I’m playing around with the AI nodes and vector store and already worked through some documentation, articles and examples. My goal is to talk with my data a little bit. As far as I can see, all examples are following this logic:
Define question
Ask the vector store
Create an augumented prompt
LLM Prompter
As long as the question is very specific and the data is accurate, this works in most cases. For very generic questions on a dataset with ~10k entries, I want to have the process structured in another way, as it struggles with the results from the vector store. Why? Because the data in the VS doesn’t match to the questions directly but still it is there.
My ideal process would look like:
Define question
LLM Prompter
LLM looks up the VS for additional data
Answer to the question including the enriched data
Example to make it clearer: The data contains information about let’s say 10k different hammers. The question is “how to drive a nail into a wall?”. The response w/o the data would be “Take a hammer”, the result with the data shall be “Take hammer AB5000, it fits best for this job”.
Did I make a mistake in my way of thinking or do I have to check for another process or logic, e.g. the new “Agentic AI” tools?
I understand that you are trying to make your RAG give more accurate answers and struggling because the LLM is not smart enough to give you the answer you are expecting, because the information (i.e. the added value) is “hidden” in the data (i.e. the raw table).
Since LLM are definitely not smart entities, maybe you can think about providing your LLM with some tools, that will at least make them look intelligent.
Back to your example: what defines the AB5000 the best hammer?

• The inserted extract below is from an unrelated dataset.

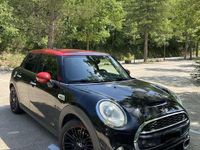 Begagnad Mini Cooper SD 170 HK (125 kW) 2015 Svart Halvkombi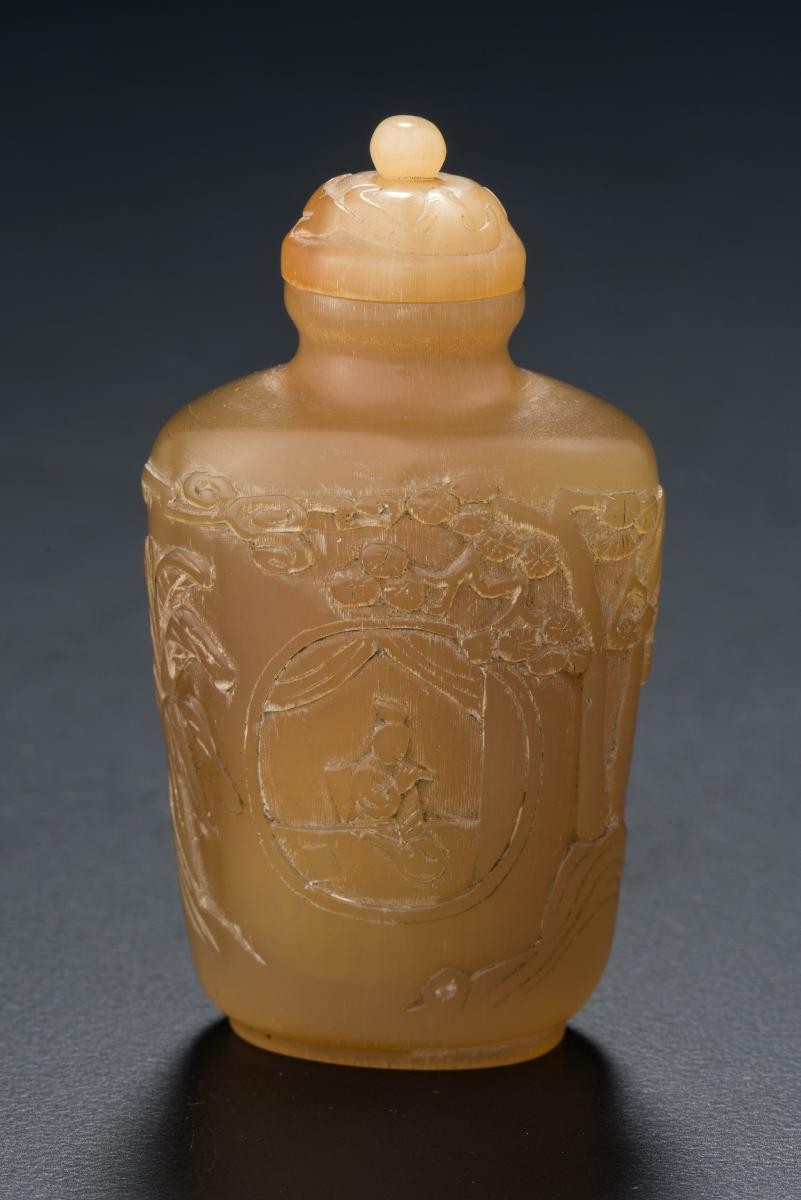 Snuff bottle with figural decoration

Maybe it has the best value for money? Expecting the LLM to calculate the value for money of all the hammers in the table and then pick the best one is..just unrealistic but you know that already.
So the first thing that you could do is to add some more data into the VS. For example, get the price-quality ratio and save it in the table. Now it’s just about retrieving the one with the highest ratio, adding the entry to the prompt and let the LLM formulate the appropriate answer. And that’s more or less what you were asking for.
But I’d like to bring you one step further. Let’s provide the LLM all the means to
Retrieve a table of products of the same category (hammers, knives, screwdrivers…)
Operate custom row-by-row expressions on a given data table (sum the values of columns, calculate a ratio etc…)
Sort the table (by date of issue, by customer review, by value for money…)
Select the first n entries of a table
In this way, once you have explained the LLM how to define the best hammer, it will be able to do the job of
getting the list of hammers
calculate the value for money for each of them
sorting for the best value for money
selecting the first hammer of the list
elaborating an answer
And this can of course be repeated and adapted as soon as new questions come in.
Basically you have provided your LLM tools that are able to perform transformations on the data, to extract the information that are needed at that specific point. The cool thing about doing it with the new KNIME Agentic Framework, is that all the deterministic stuff (i.e. selecting all the hammers, calculating the ratio between the price and the quality of each hammer and selecting the one with the highest value) is all done by KNIME nodes, which are reliable and auditable. This can all be done without exposing data to the LLM and without opening up the stage for hallucinations or misinterpretations, typical of LLMs.
I hope that answers your question! Agents are indeed cool once you understand where they shine and..I think your example just made a very nice use case!
Hi @emilio_s
Thank you for your very detailed answer. I see, I have to get a lot deeper into the details here at my desk, especially with the agents. Not sure, if I will get the desired result but pretty sure I will learn a lot on the way there
So thank you once again and have a nice weekend.
If you have 10k hammers in your data set then finding the right hammer “semantically” (that is what embeddings do") will be quite challenging I think - in the end you retrieve the let’s say 10 most relevant sets of data based on the embedded vector, which will all be hammers.
I think you for each hammer type you had a description that specifies in which scenarios the hammer is most useful and then you send in a question like “I need to drive a 10 inch iron nail through a coated concrete wall that may have some bricks 5 cm in” - the embedding pathway might work better.
if you have 10k Hammers and there is a lot of overlap between what different models can achieve I’d probably try to define say a number of 10 properties, use an LLM to analyse the descriptions and fill in these 10 properties (using structured outputs) and then built a data app on top of that data where the user can select nail length, wall type, whatever else and then you list hammers that fit that criteria ordered by price ascending
Thank you @MartinDDDD. No need to worry, you are not too late. Every contribution is welcome. I’m pretty sure I have to go back to the desk and rethink about my problem first and the possible solution in a second step. That’s what I can read and take away in between your lines, too.